Feeling loved in everyday life linked with improved well-being
In two studies, the researchers found that people who experienced higher “felt love” — brief experiences of love and connection in everyday life — also had significantly higher levels of psychological well-being, which includes feelings of purpose and optimism, compared to those who had lower felt love scores. They also found that people with higher felt love tended to have higher extraversion personality scores, while people with lower felt love scores were more likely to show signs of neuroticism.
“We took a very broad approach when we looked at love,” said Zita Oravecz, assistant professor of human development and family studies and ICDS faculty co-hire. “Everyday felt love is conceptually much broader than romantic love. It’s those micro-moments in your life when you experience resonance with someone. For example, if you’re talking to a neighbor and they express concern for your well-being, then you might resonate with that and experience it as a feeling of love, and that might improve your well-being.”
According to the researchers, the baseline of the subjects’ felt love experiences, in general, rose throughout the study, suggesting that the nudges to recognize examples of love and connection during the study may also have gradually increased the subjects’ overall sense of being loved. Stronger experiences of felt love, in turn, are associated with improvements in psychological well-being.
“It’s something that we’ve seen in the literature on mindfulness, when people are reminded to focus attention on positive things, their overall awareness of those positive things begins to rise,” said Oravecz. “Similarly, just by paying attention to those everyday moments of felt love, we may also increase our awareness of the overall positive aspects of love in our daily lives. This effect replicates in both studies, implying that raising awareness of felt love in day-to-day life may itself be an intervention that raises levels of felt love over a longer period of time.”
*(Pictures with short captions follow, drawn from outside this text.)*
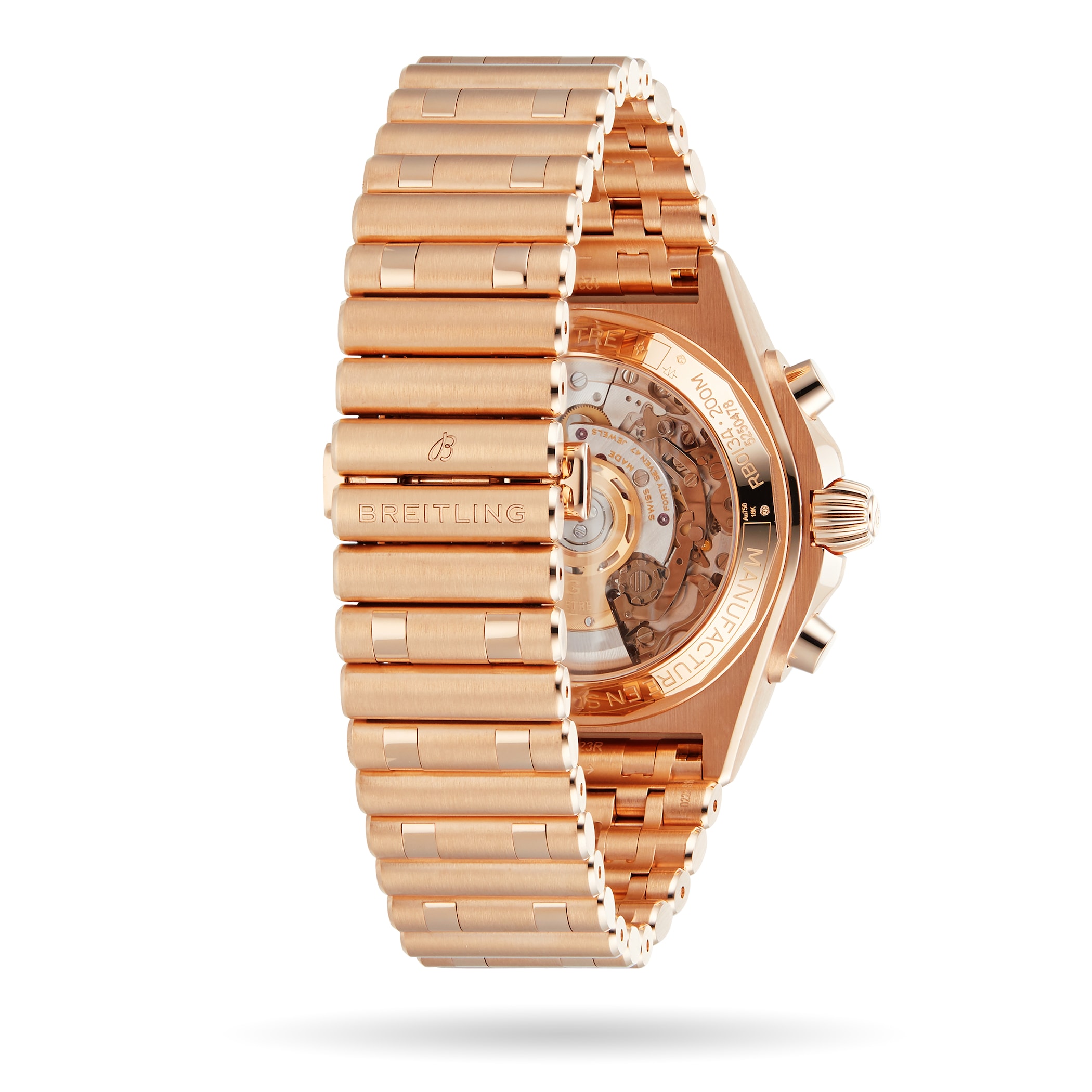 Breitling Chronomat B01 42 18k Red Gold Watch Breitling Chronomat B01 42 18k Red Gold Watch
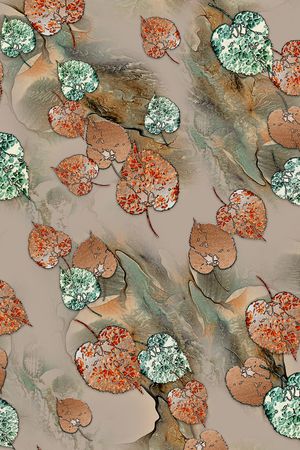 抽象印花华亿平台图片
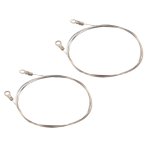 Vidaxl fils de coupe pour cutter � mousse 2 pcs 137 cm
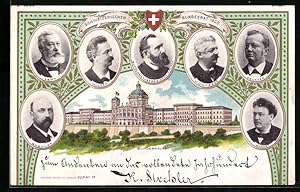 Ansichtskarte Schweizerischer Bundesrat 1900, Bundespalast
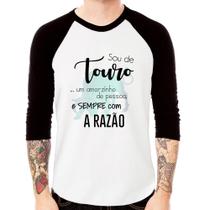 Camiseta Raglan Sou de Touro Manga 3/4 - Foca na Moda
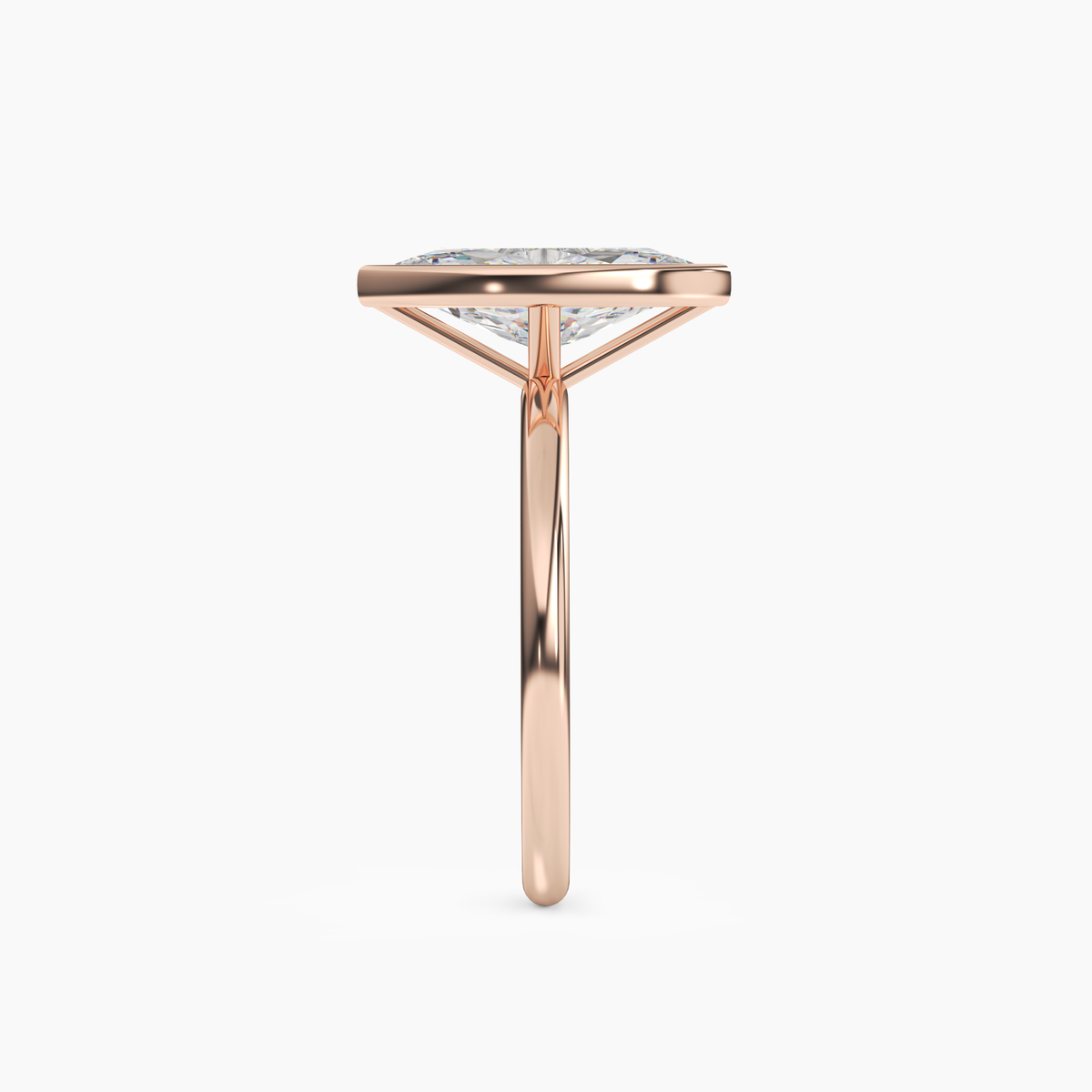 OBSER210 - Bezel Marquise engagement ring setting view 9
The researchers, who report their findings in the current issue of Personality and Individual Differences, added that because the studies have only shown a correlation between felt love and well-being, more research would be needed to establish a causal relationship. If a firmer connection is established, the researchers said possible interventions could be designed, such as sending regular reminders to a person’s smartphone to draw attention to the felt love that they may be experiencing in that moment to raise psychological well-being. Similar interventions have been designed for mindfulness and gratitude.
The team relied on smartphone technology to gather data from participants throughout their everyday lives. In the first study, they recruited 52 people of various ages. The second study consisted of 160 undergraduate students. Participants received six random prompts throughout the day over a four-week period to assess felt love and well-being, according to Timothy Brick, assistant professor of human development and family studies and ICDS co-hire. He added that sending these messages randomly throughout the day was critical to manage the possible effects of expectation bias.
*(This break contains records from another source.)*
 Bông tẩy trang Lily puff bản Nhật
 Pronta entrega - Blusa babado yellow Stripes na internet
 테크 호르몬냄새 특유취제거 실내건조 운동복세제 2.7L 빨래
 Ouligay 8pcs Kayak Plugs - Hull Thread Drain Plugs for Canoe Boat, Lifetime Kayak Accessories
“It’s important from a research point-of-view,” said Brick. “If the participants expect a call or a text at a certain time of day, they are no longer reacting to what’s going on in their daily life, but are expecting the prompt and reacting to that expectation.”
Gathering data multiple times throughout the day from more than 200 subjects over a month can produce a lot of data, said Brick. Also, these everyday experiences of love tend to fluctuate during the study, which can result in what the researchers termed “noisy” data.
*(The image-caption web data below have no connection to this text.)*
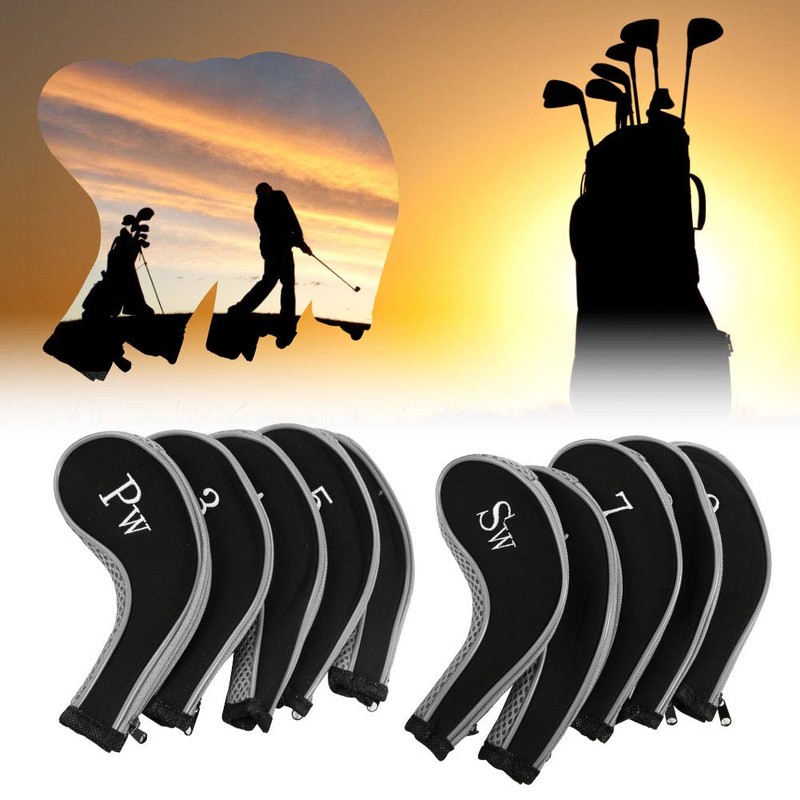 Golf Headgear, 10 Pieces Neoprene Waterproof Golf Clubs Iron Head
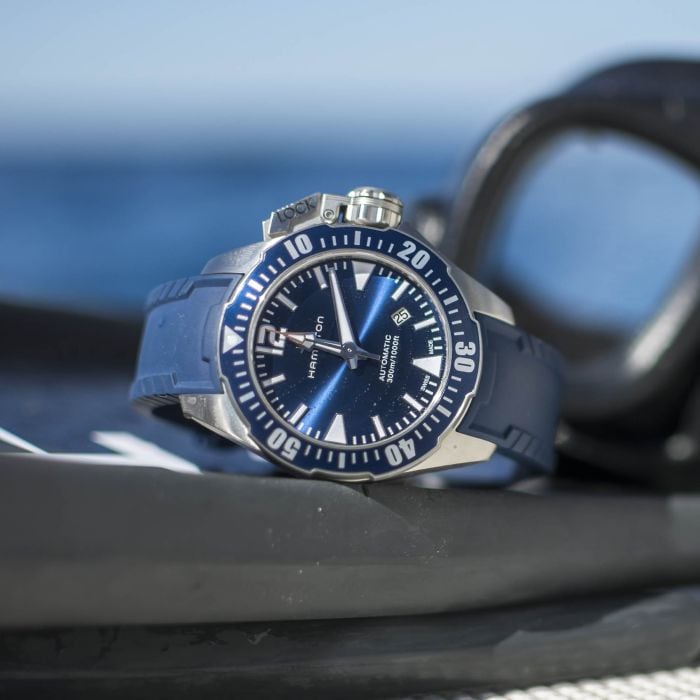 Hamilton H77705345 Watch - Khaki Navy OPENWATER AUTO (Image 3)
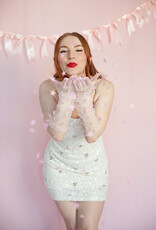 Mable Mindy Floral Sequin Mini Dress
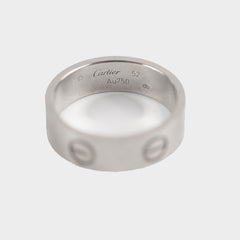 Cartier Classic Model Love Ring White Gold Size 52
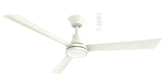 Riviera DC 1320mm 3 ABS Blade WIFI & Remote Control Ceiling Fan with Variable Dim 15w CCT LED Light Matt White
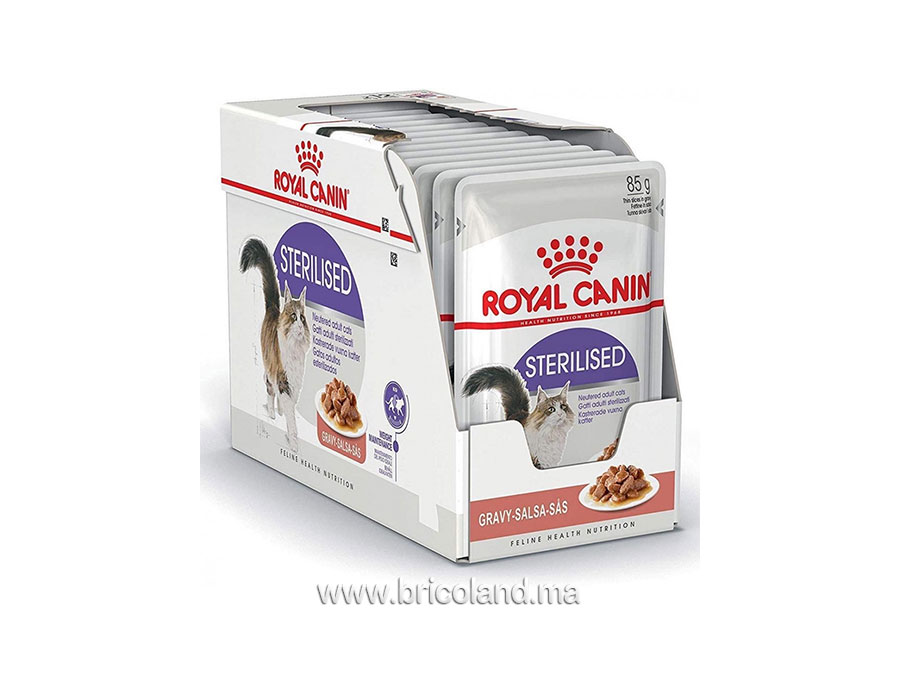 Sterilised en sauce pour chat - Lot de 12X85G - Royal Canin-0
“It’s often very difficult to measure psychological quantities because we don’t always have a great idea about what’s going on in our own heads,” said Brick.
Oravecz added, “But with the right statistical methods, we can start to get at questions about difficult constructs like love or compassion, and hopefully build interventions to promote them.”
To analyze this large amount of noisy data, the researchers used nuanced statistical tools. According to Oravecz, the researchers specifically used a Bayesian latent stochastic differential equations model to cut through the noise in the data and identify processes happening underneath. This method is especially suited to help scientists investigate intricate social systems, which often involve relationships that generate complex, highly variable data, she said.
According to the researchers, this statistical method may be used more as social scientists begin to gather large amounts of real-world data from sensors on wearable devices. The researchers used computational resources of ICDS’s advanced computer infrastructure for their analysis.
The team also included Jessica Dirsmith, clinical assistant professor of education, Duquesne University; Saeideh Heshmati, assistant professor of psychology, Claremont Graduate University; and Joachim Vandekerckhove, associate professor of cognitive sciences, University of California Irvine.
This research was supported by the John Templeton Foundation.